Problem to work on
Your answer should hold only the lines from the one with "Western blot analysis" through the end of the records, repeated exactly and minus any pictures.

┌─ Study material

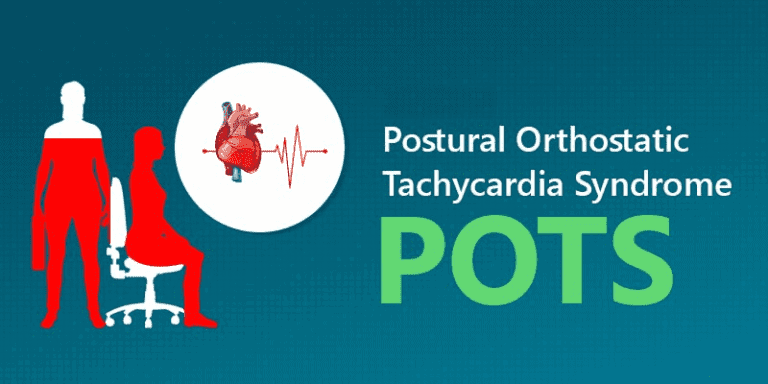 Postural Orthostatic Tachycardia Syndrome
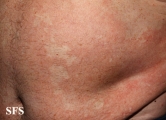 pityriasis versicolor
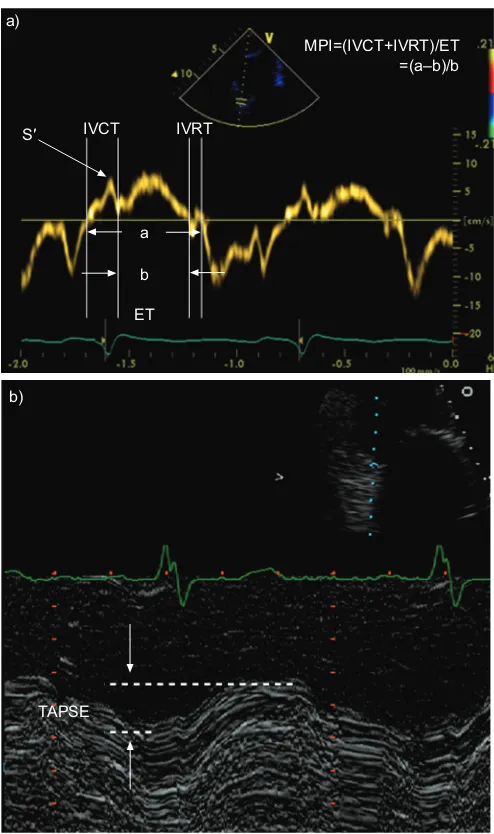 FIGURE 5. An algorithm for investigating pulmonary hypertension (PH) usingechocardiography
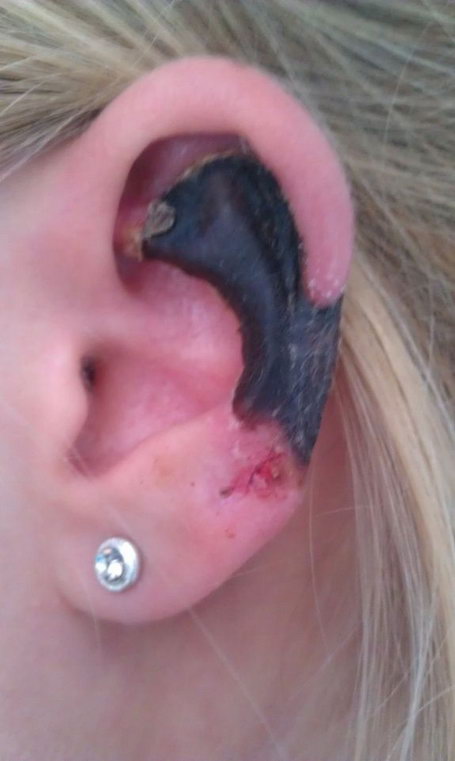 ear_spider_bite_01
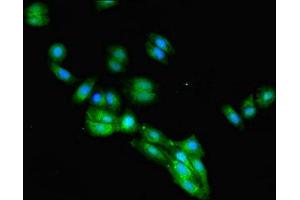 Immunofluorescent analysis of HepG2 cells using ABIN7156043 at dilution of 1:100 and Alexa Fluor 488-congugated AffiniPure Goat Anti-Rabbit IgG(H+L) (FcRn anticorps  (AA 24-297))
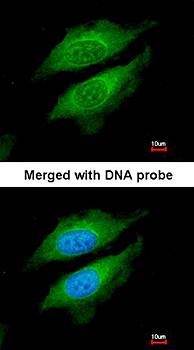 DPRP1 antibody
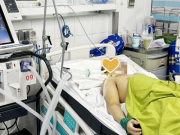 Sức khỏe - Thanh niên 21 tuổi ở Phú Thọ nguy kịch do sốc nhiệt nặng sau 2 giờ đi xe máy giữa trời nắng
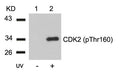 Western blot analysis of extracts from Hela cells untreated(lane 1) or treated with UV(lane 2) using CDK2(Phospho-Thr160) Antibody .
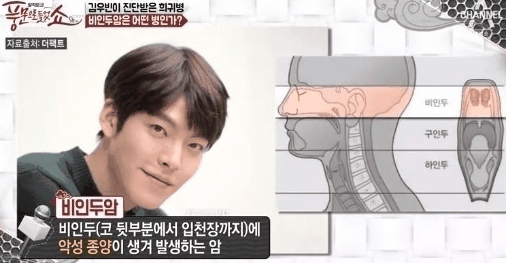  구본임 사망 비인두암은 무엇인가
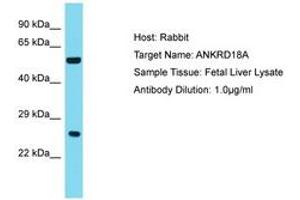 Image no. 1 for anti-Ankyrin Repeat Domain 18A (ANKRD18A) (AA 781-830) antibody (ABIN6750781) (ANKRD18A 抗体  (AA 781-830))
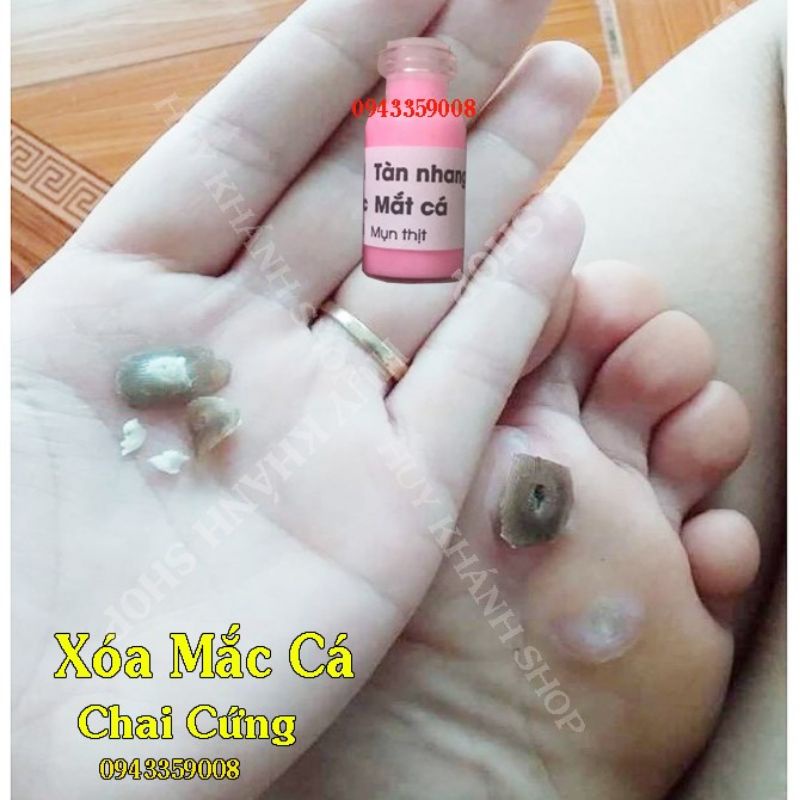 Tẩy Nốt Ruồi Mụn,Mụt Cóc,Tàn Nhang Mụn Thịt,Mắc Cá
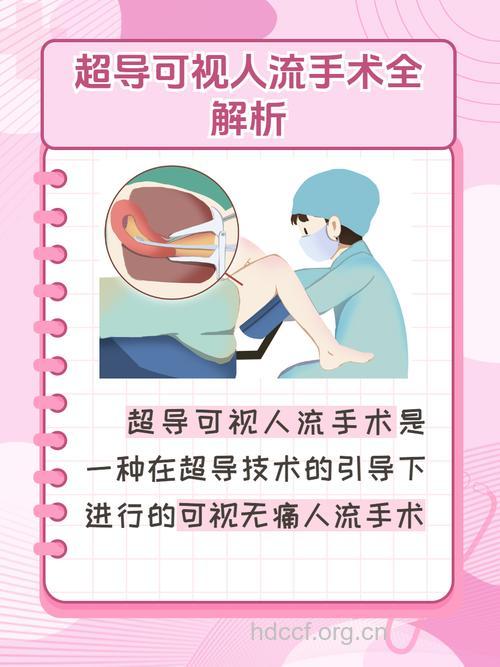 可视无痛人流手术有哪些优缺点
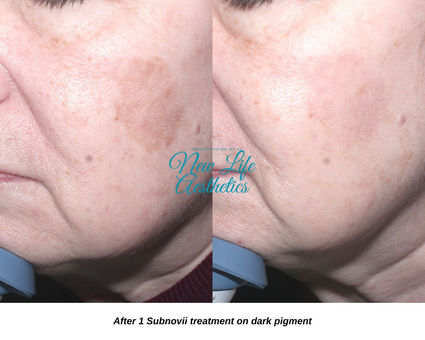 Subnovii Plasma Pen Treatment Raleigh NC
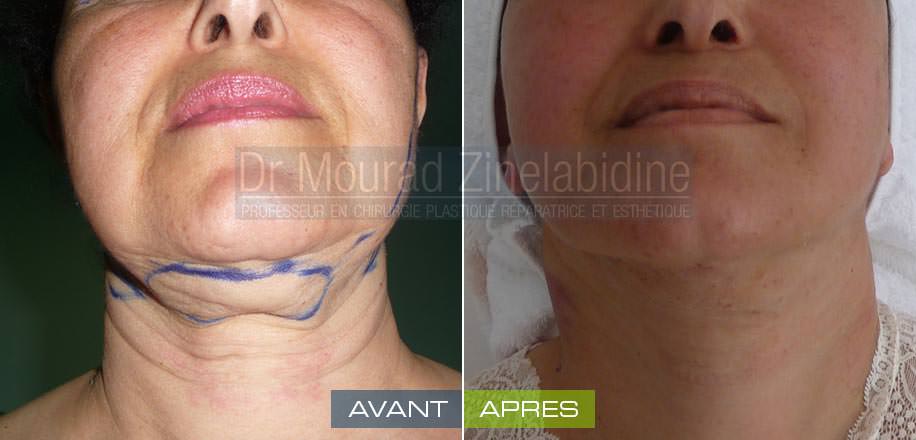 liposuccion-cou-tunisie-photo-avant-apres-chirurgie-esthetique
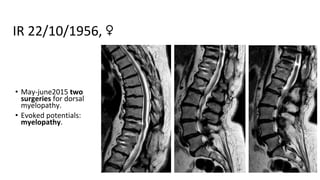 • May-june2015 two
surgeries for dorsal
myelopathy.
• Evoked potentials:
myelopathy.
IR 22/10/1956, ♀
 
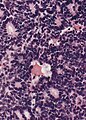 Flexner-Wintersteinerove rozete u retinoblastomu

└─

Answer area
 Western blot analysis of extracts from Hela cells untreated(lane 1) or treated with UV(lane 2) using CDK2(Phospho-Thr160) Antibody .
  구본임 사망 비인두암은 무엇인가
 Image no. 1 for anti-Ankyrin Repeat Domain 18A (ANKRD18A) (AA 781-830) antibody (ABIN6750781) (ANKRD18A 抗体  (AA 781-830))
 Tẩy Nốt Ruồi Mụn,Mụt Cóc,Tàn Nhang Mụn Thịt,Mắc Cá
 可视无痛人流手术有哪些优缺点
 Subnovii Plasma Pen Treatment Raleigh NC
 liposuccion-cou-tunisie-photo-avant-apres-chirurgie-esthetique
 • May-june2015 two
surgeries for dorsal
myelopathy.
• Evoked potentials:
myelopathy.
IR 22/10/1956, ♀
 
 Flexner-Wintersteinerove rozete u retinoblastomu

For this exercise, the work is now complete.